The following experiment validates the lazy-loading effect with EKS, Karpenter, and Hermes.
Experiment Steps
Step 1: Create a Test EKS Cluster
You can quickly create a test cluster by downloading this example: https://github.com/cloudpilot-ai/examples/tree/main/clusters/eks-spot, then running:
terraform apply --auto-approve
Then fetch the kubeconfig:
export KUBECONFIG=~/.kube/eks
aws eks update-kubeconfig --name cluster-jw --region us-east-2
Step 2: Install Karpenter on EKS
Follow the official Karpenter documentation: Getting Started with Karpenter.
Step 3: Install the Hermes Controller and CRD
The Hermes daemon runs on each Hermes-enabled node. The controller and CRD must be deployed first so Hermes can watch HermesPolicy resources and Pods, then build, cache, and serve SOCI indexes.

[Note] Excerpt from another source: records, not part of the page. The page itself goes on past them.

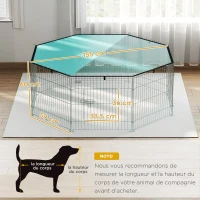 PawHut Parc pour chien, enclos chien 8 panneaux avec toit, modulable et pliable, enclos portable 60H cm avec porte argent vert(m-3)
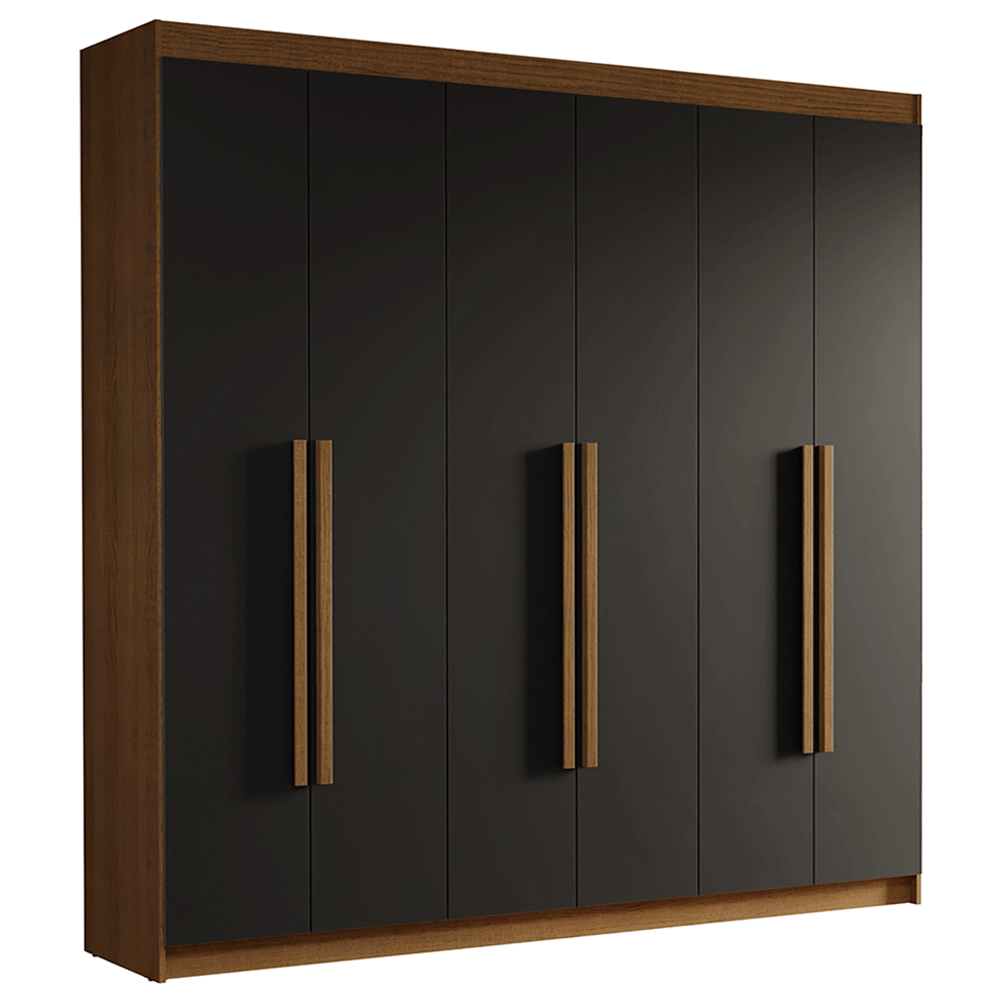 Closet Venus 6 Puertas 4 Cajones 2 Barrales MarrónNegro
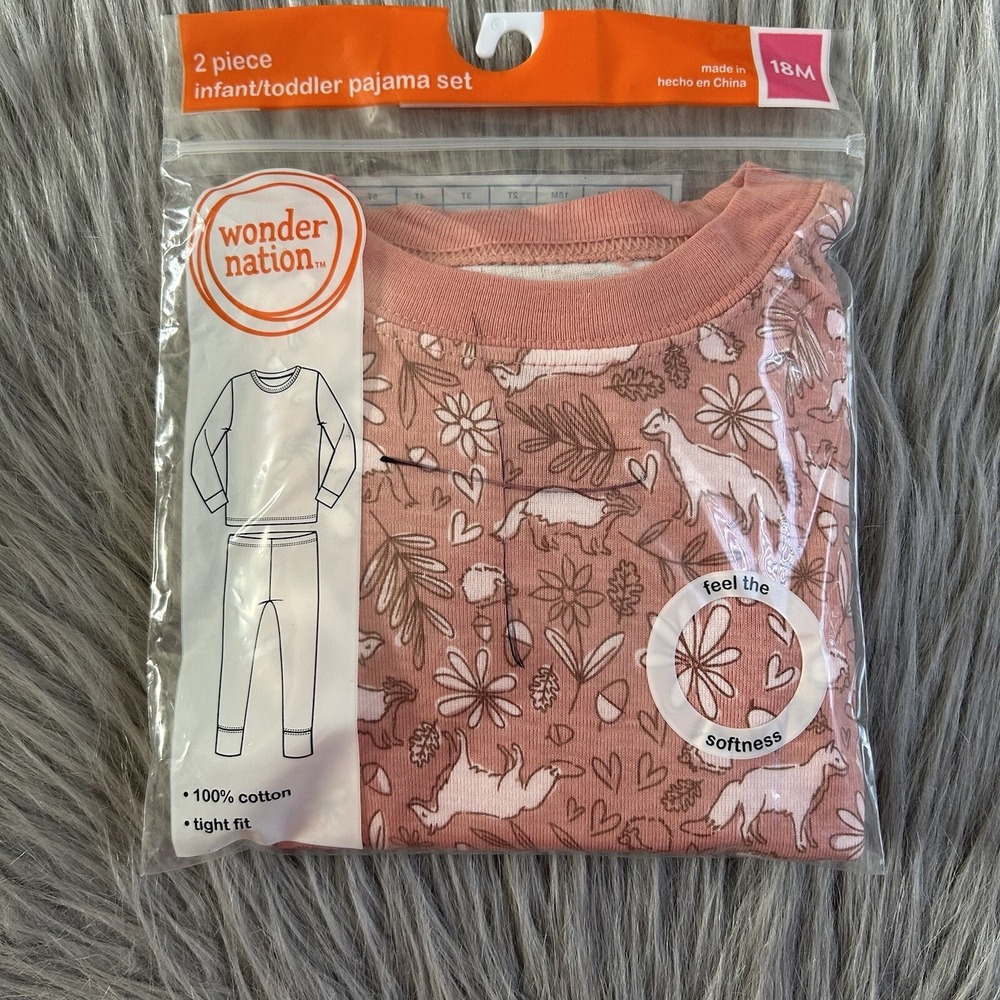 Wonder Nation Forest Animals 2 Piece Pajama Set Baby Girls Size 18 Months Pjs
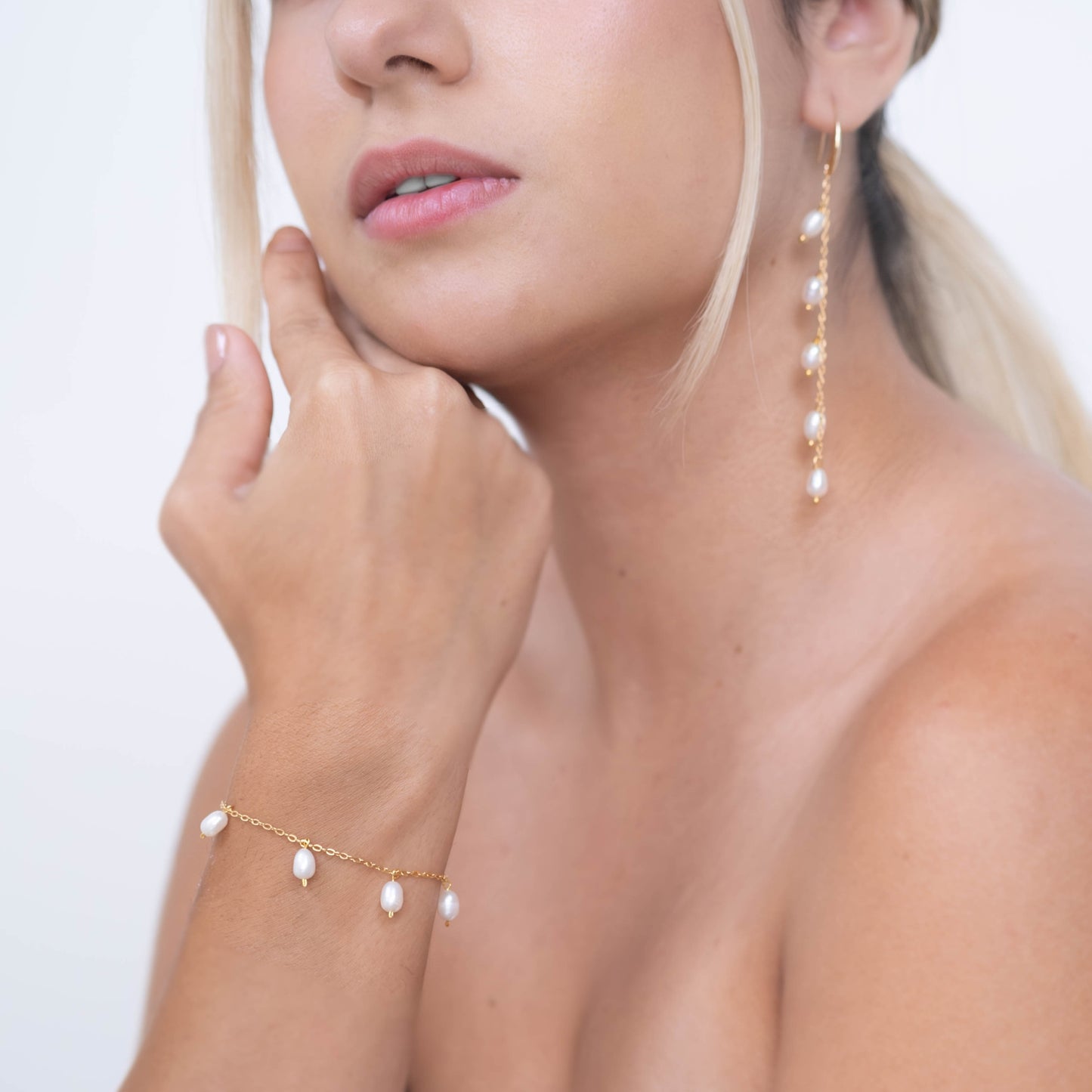 Olivia Seed Pearls Earrings and Bracelet Set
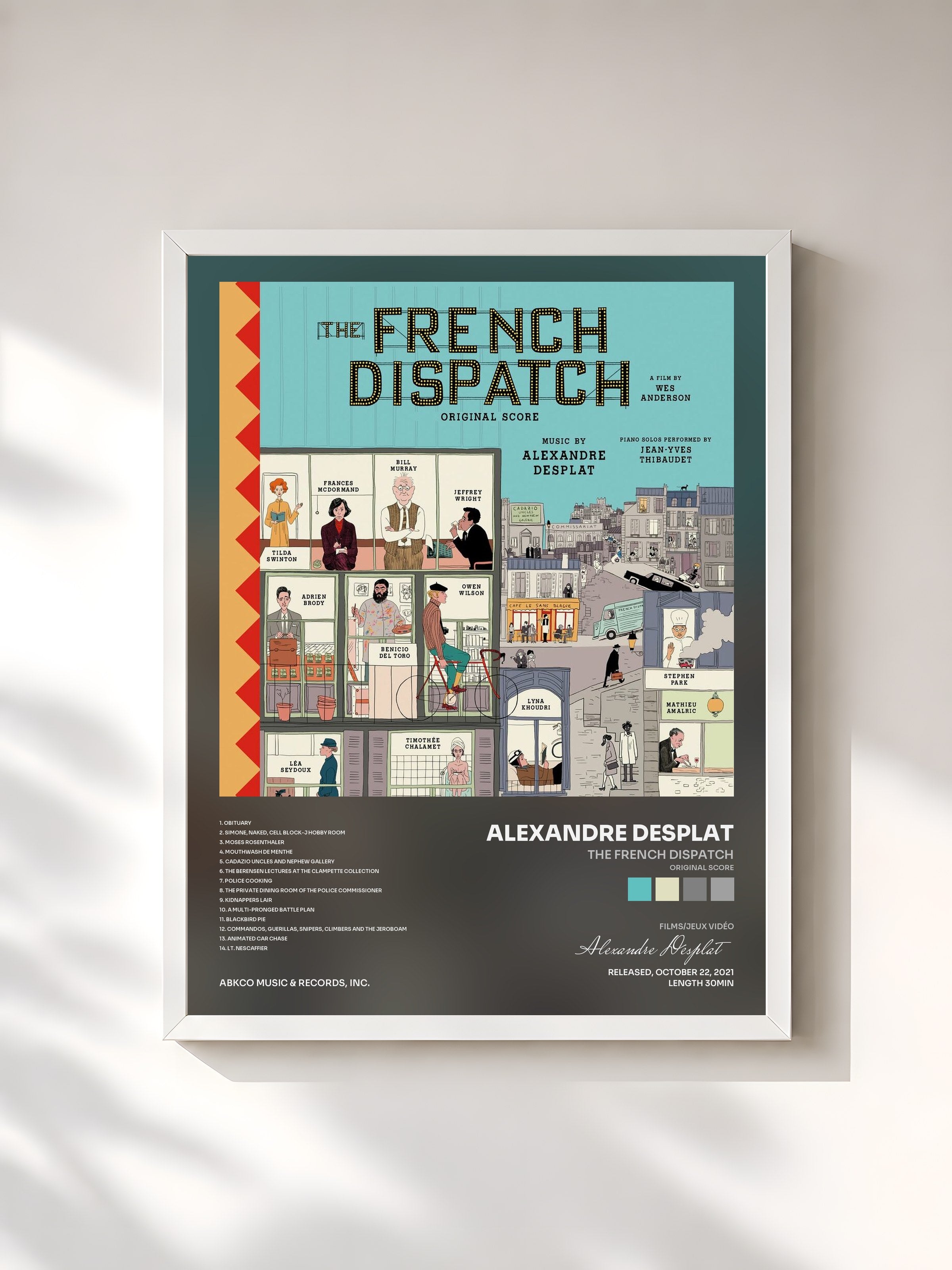 #blanc Tableau de l'album The French Dispatch (Original Score) de Alexandre Desplat, cadre blanc, imprimé et encadré en France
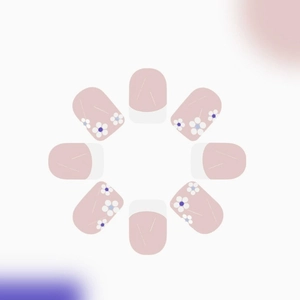 Pink French tips press-on nails with white and purple floral patterns on white background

git clone https://github.com/cloudpilot-ai/hermes.git
cd hermes
kubectl apply -f deploy/hermespolicy-crd.yaml
kubectl apply -f deploy/hermes-controller-eks.yaml
kubectl -n hermes-system rollout status deploy/hermes-controller
kubectl -n hermes-system get svc hermes-controller -o wide
By default, the Hermes controller exposes index/ztoc artifacts through NodePort. The hermes-daemon on the node accesses the controller through the local or node IP and the corresponding NodePort, then continues lazy loading image data from the original OCI registry.
Step 4: Configure Test NodePools and NodeClasses
Create two NodeClass/NodePool pairs: one with Hermes enabled and one without Hermes.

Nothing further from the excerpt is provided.